# looking to add 'peaceful' cichlid



## danxpotter (Jun 6, 2009)

i want to add one cichlid for color/personality because i miss my cichlid community tank ;( i was thinking a ram for their alleged peaceful demeanor. (i've never had rams) any ideas for a lone cichlid for my community tank?? i have 2 or 3 caves/private spots perfect for a rock-dwelling cichlid my current fish do not ever inhabit. if not a cichlid i'd like another smaller gourami that my male golden will not mind. he ignored all the little buggers in the tank but for some reason i think he'd murder another gourami but i've never tried. thanks for any and all suggestions.....


----------



## emc7 (Jul 23, 2005)

pelvicachromis (kribs) are colorful and like rocks more than rams. Rams like the open water/plants like the gourami does.


----------



## danxpotter (Jun 6, 2009)

i like the kribs but i can not find any around here.. i have three reputable, fish stores here and they all carry a limited supply of dwarf cichlids so i have no found any kribs. i don't know anything about ordering fish online?? any suggestions?


----------



## danxpotter (Jun 6, 2009)

how fast do plecos grow? my pleco has been about 4 inches for quite some time. i wonder if he has enough algae to eat?


----------



## danxpotter (Jun 6, 2009)

and by 'quite some time' i should add means about six months. hah.


----------



## SouthernBelle23 (Mar 24, 2009)

Do you feed him anything else? Throw in some algae wafers and bottom feeder pellets too. He'll appreciate it.  

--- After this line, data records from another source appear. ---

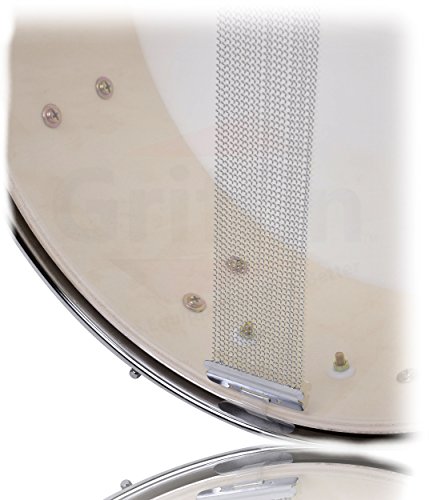Griffin Firecracker Acoustic 10" x 6" Poplar Shell - Image 2
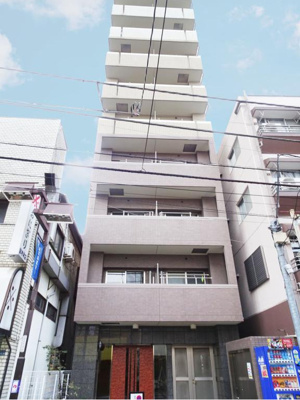 【外観】 | クレアシオン板橋本町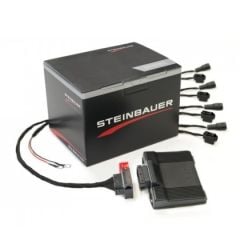 Steinbauer Tuning Box PEUGEOT 208 1.6 HDI EUR5 Stock HP:91 Enhanced HP:110 (220444_1662)
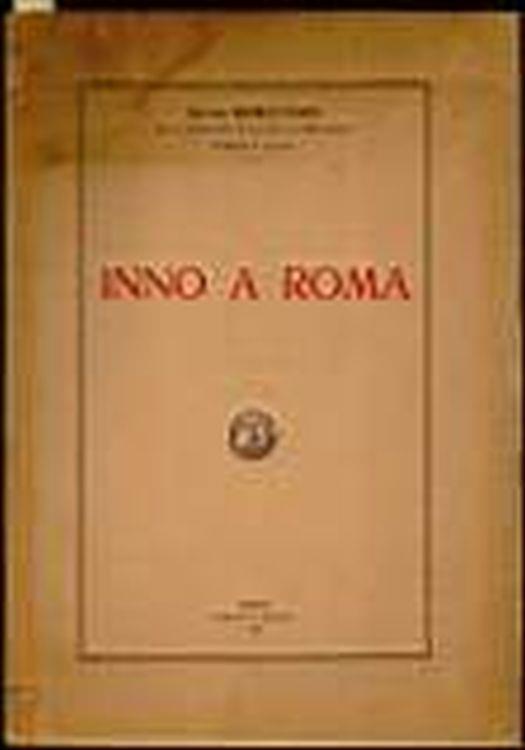 Inno a Roma - Michele Fuoco - Libro Usato - ND - | IBS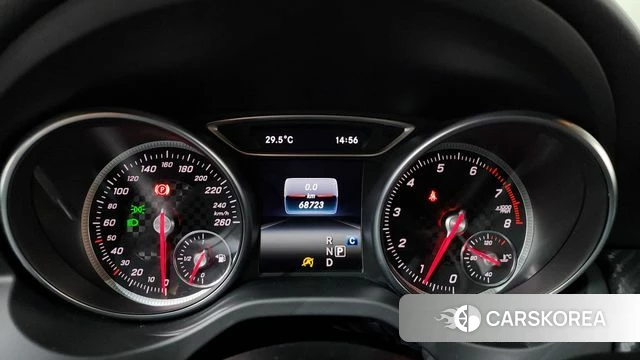 Mercedes-Benz A-Class W176 id 4574620 из Кореи 30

You have alot of fish in your tank.....but if you want more, Rams are nice. They aren't rock dwellers, but might use a cave to hide in/spawn near. They are pretty peaceful usually.


----------



## emc7 (Jul 23, 2005)

if you want to order online aquabid.com is a good place to start. There is much more variety available, but shipping live fish is always pricey. Local fish clubs are a good alternative to stores if there are any near you.


----------



## StripesAndFins (Dec 31, 2008)

what type of pleco do you have? some plecos stay at 4". i believe BN's do. i second the kribs or rams. i think appistos are really mean but i may be wrong. if it were me i wouldnt get appistos.


----------



## Guest (Jun 7, 2009)

i 3rd the rams! i got 3 in my 25 and like emc said, they love planted tanks. not sure about apistos or kribs, though i would LOVE to get hold of a pair of kribs!


----------